"but then fail to point out one?"
I didn't point out one, I pointed out thousands. All the combinations of message busses and serializations and schedulers and monitors you can imagine. Systemd monitoring a selection of processes that read and write from kafka queues in a cluster of VMs. Lambda functions that read and write Amazon SQS/SNS queues written in Go. Azure Functions using JSON to communicate over Azure Service Bus with Terraform configuring redundancy. A microservices architecture orchestrated with etcd based on gRPC services communicating with each other on a NATS message bus. Arbitrary mixes and matches of all of these things, probably the most common architecture of all at a corporate level.

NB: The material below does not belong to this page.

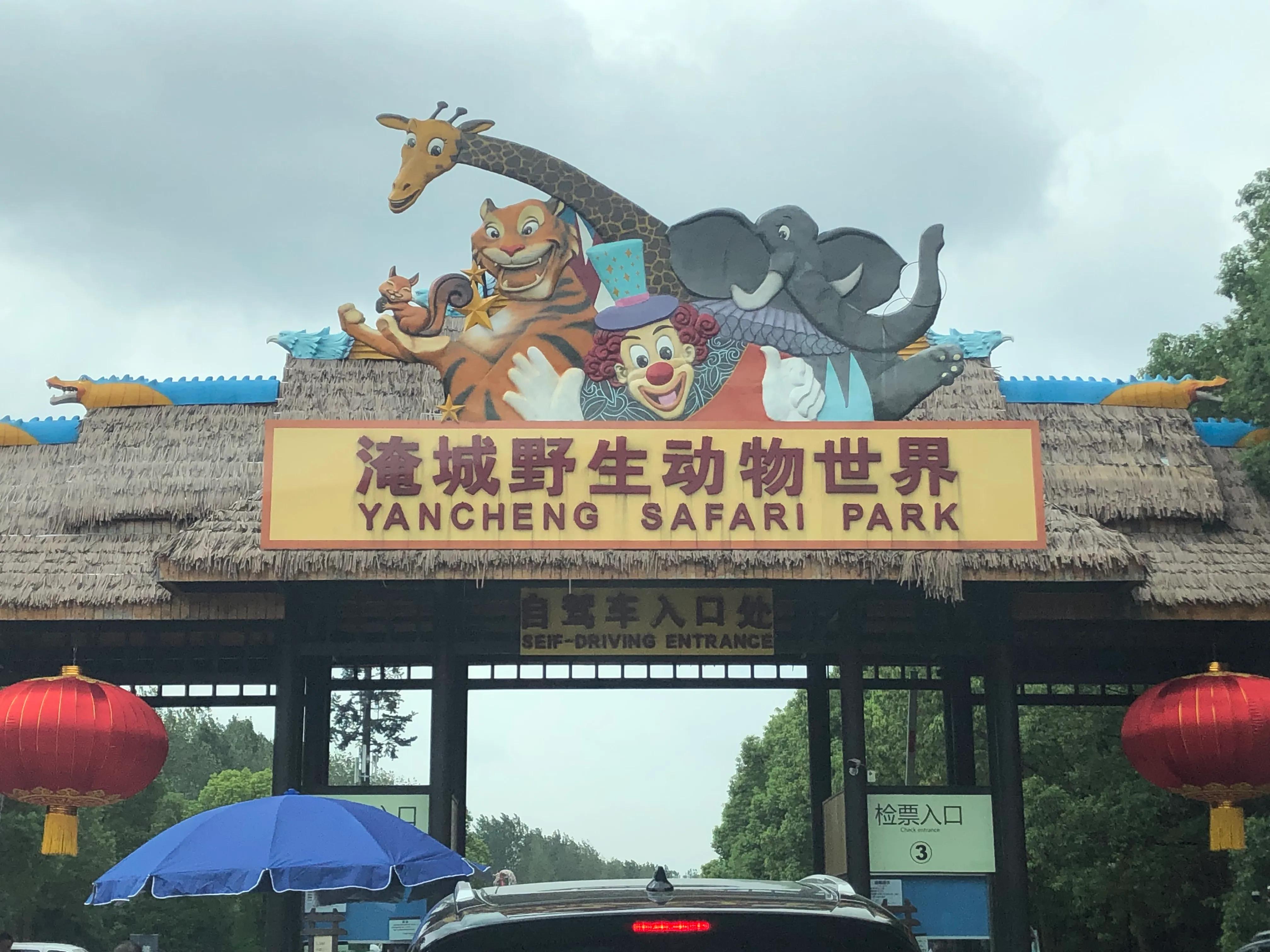 在江苏哪个动物园更好玩
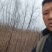 山东鲁丽苹果苗、月香（货源充足量大从优）现挖现发，质量好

Many of these beat BEAM on some metric or other that may be important at some point. For instance it's not hard to beat BEAM on performance (though it is also not hard to lose to it on performance; it's a very middle-of-the-road system on that front, which I mean completely literally). Another thing that you get very naturally is heterogeneity; if you want everything on a BEAM system you really have to stick to BEAM's languages, which is a pretty big issue in most cases.

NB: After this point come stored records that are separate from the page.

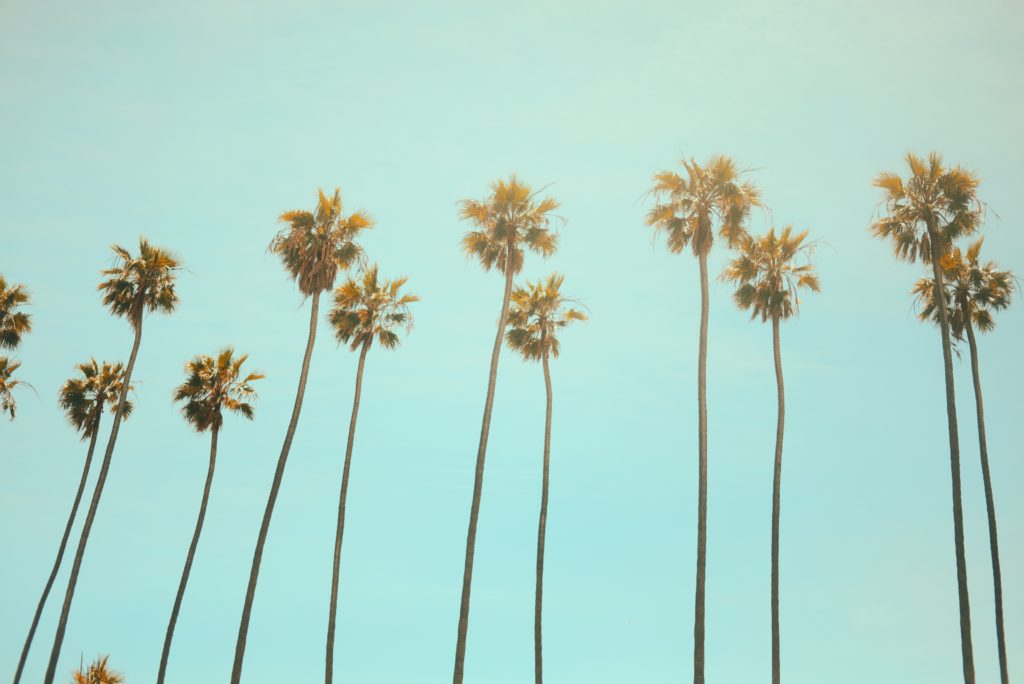 Blue sky and palm trees. University of California Irvine.
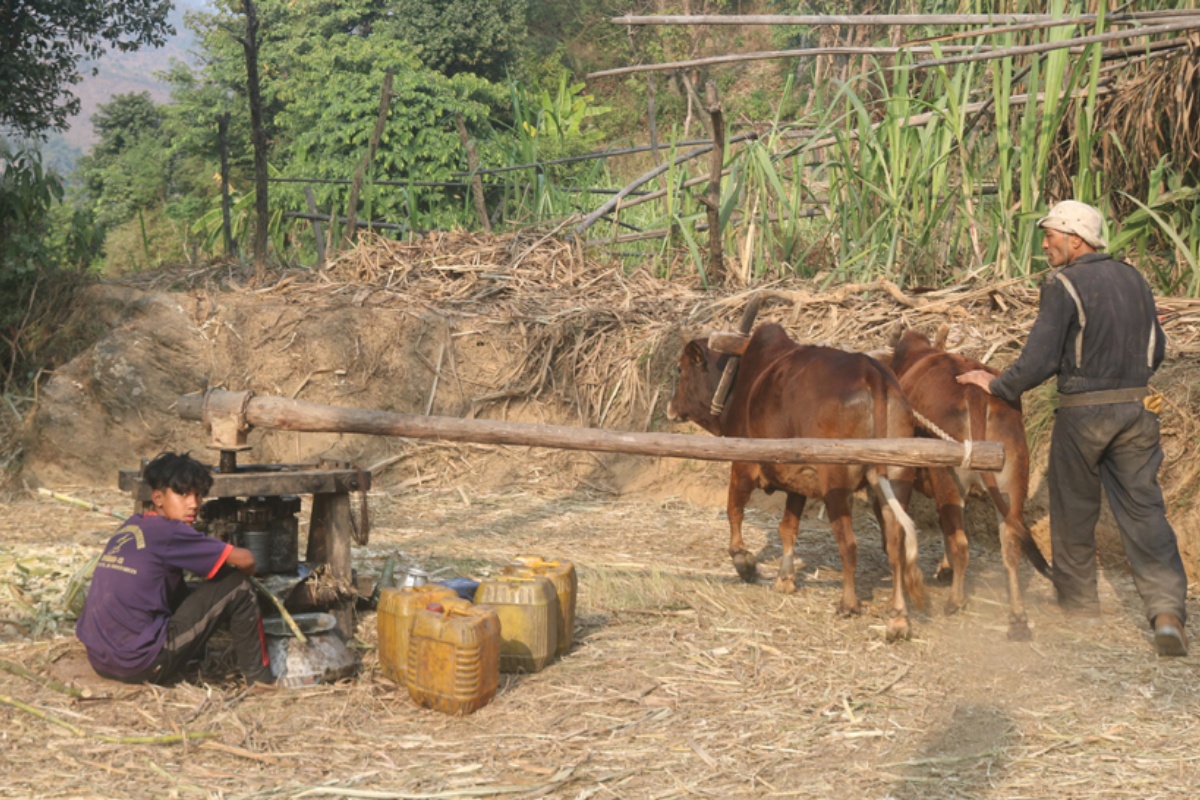 सक्खर बनाउन व्यस्त छन् पिप्लेबेँसीका किसान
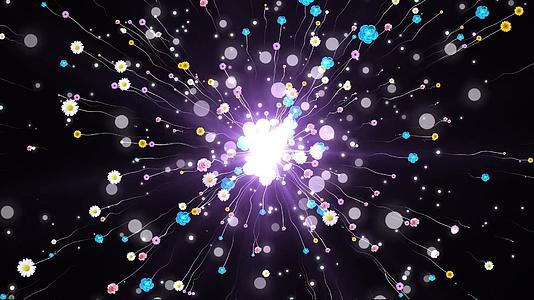 动态光效粒子花朵放射动态视频元素视频的预览图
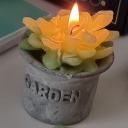succulent-candles avatar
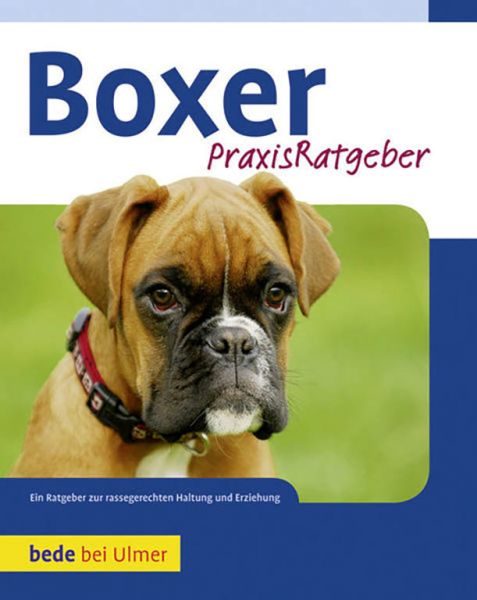 Praxisratgeber Boxer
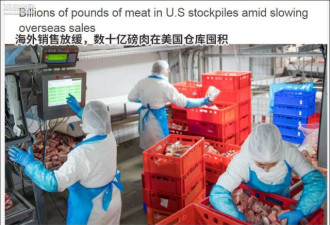 关税大棒打到自己 20多亿斤肉堆在美仓库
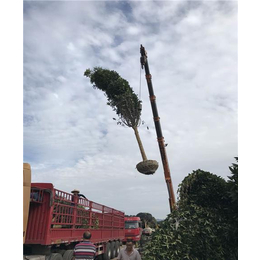 骏达园艺_重庆占地桂花树批发基地_铜梁县占地桂花树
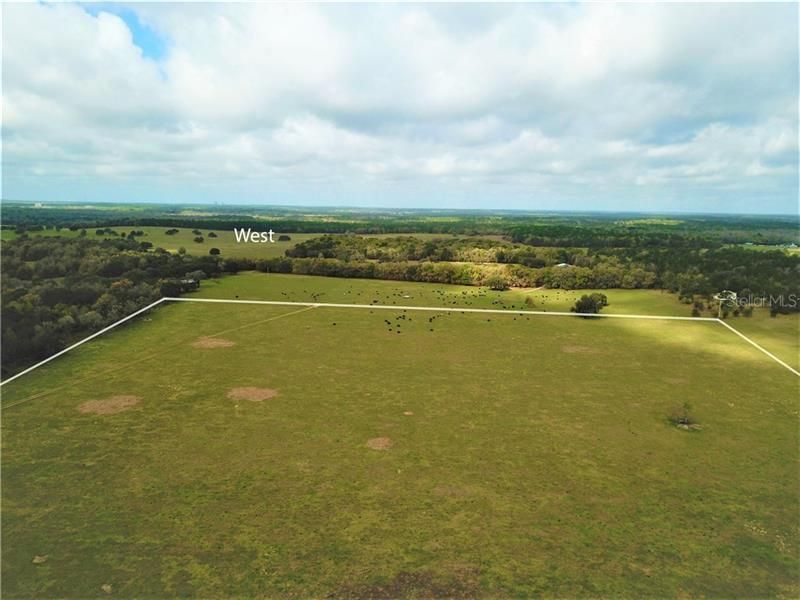 12884 S Pleasant Grove Road, Floral City, FL 34436 Photo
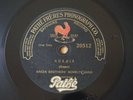 Green Brothers Novelty Band Arabia 78RPM Vertical Cut Pathé 20512
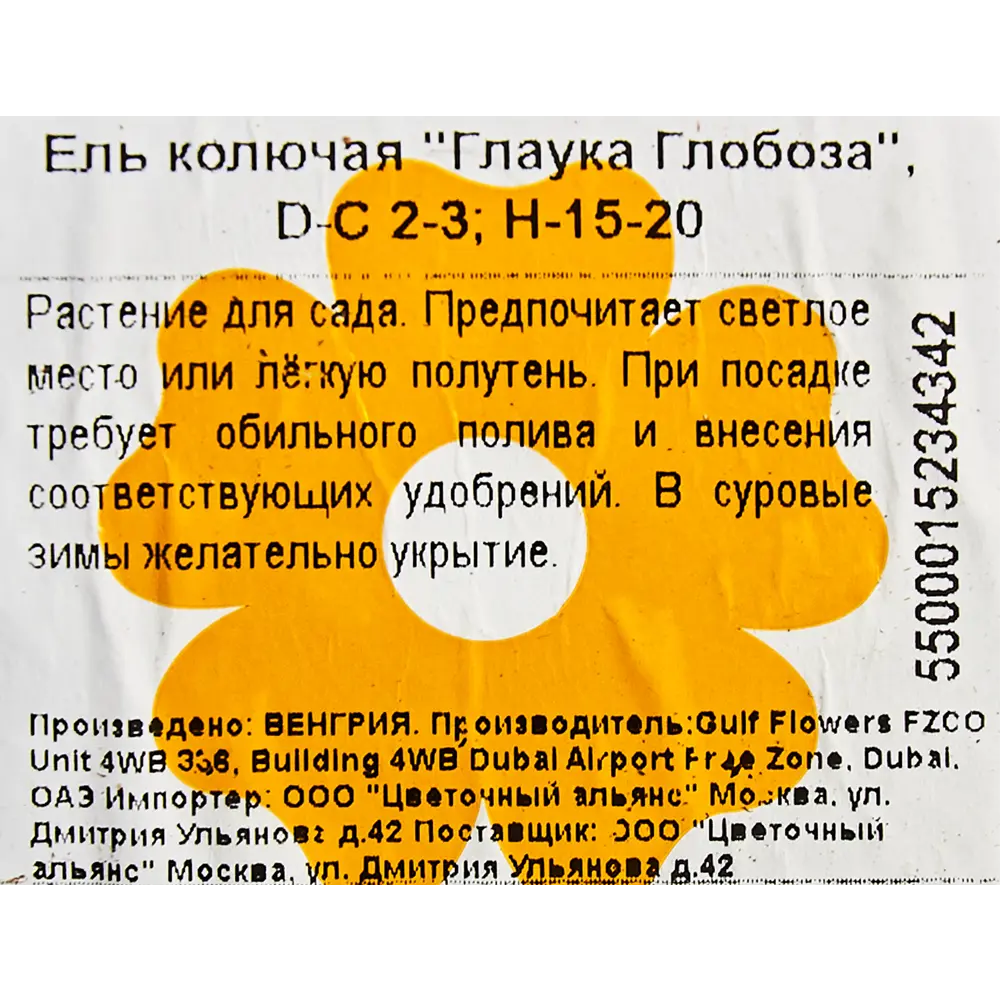 Ель колючая «Глаука Глобоза» 17x15 см 82601624 STLM-2084819 Santreyd  - Вид №1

The reason I say BEAM is not the gold standard is that there's still people running around who speak as if BEAM is the only way to write reliable software, that it is still the only way to have lots of independent services that communicate by passing messages, that if you don't implement every single one of gen_server's features and work exactly like OTP's supervision trees and if you don't handle errors by crashing processes, then you're not operating at Erlang's Golden Standard.
And that's not true anymore. There's plenty of alternatives, many better than BEAM on many fronts. BEAM is not the natural obvious leader standing above the rest of the crowd, secure in the knowledge that nothing is as good as it is and never will be. It's now down in the scrum, and as long as it is metaphorically running around claiming it's somehow unique I'm going to grumble about it. It's not even good for BEAM itself, which really ought to be pitching integration rather than "Look! We solve the reliability problem uniquely!"
To the extent that people are reading my post and basically backpedaling and insisting "Oh, no, it's the integration all along that we've been pitching"... well, I don't particularly enjoy the rewriting of history, but other than that... yes! Good! Do that! Pitch the integration! It's a legitimate advantage! But it's not 2005 anymore. Every major compiled language can handle tens or hundreds of thousands of connections on a reasonably sized server. Every language has solutions for running this robustly and with decoupled architecture. Every language has solutions to the problems now. BEAM's in a crowd now, whether it likes it or not.
There is no gold standard for these technologies any more. One might as well ask "well, what's the best computer?" There's no answer to that question. Narrow it down to "what's the best gaming computer" and you can still ask "what sort of games" and it'll be a crowded field. There's more options that anyone can even analyze anymore.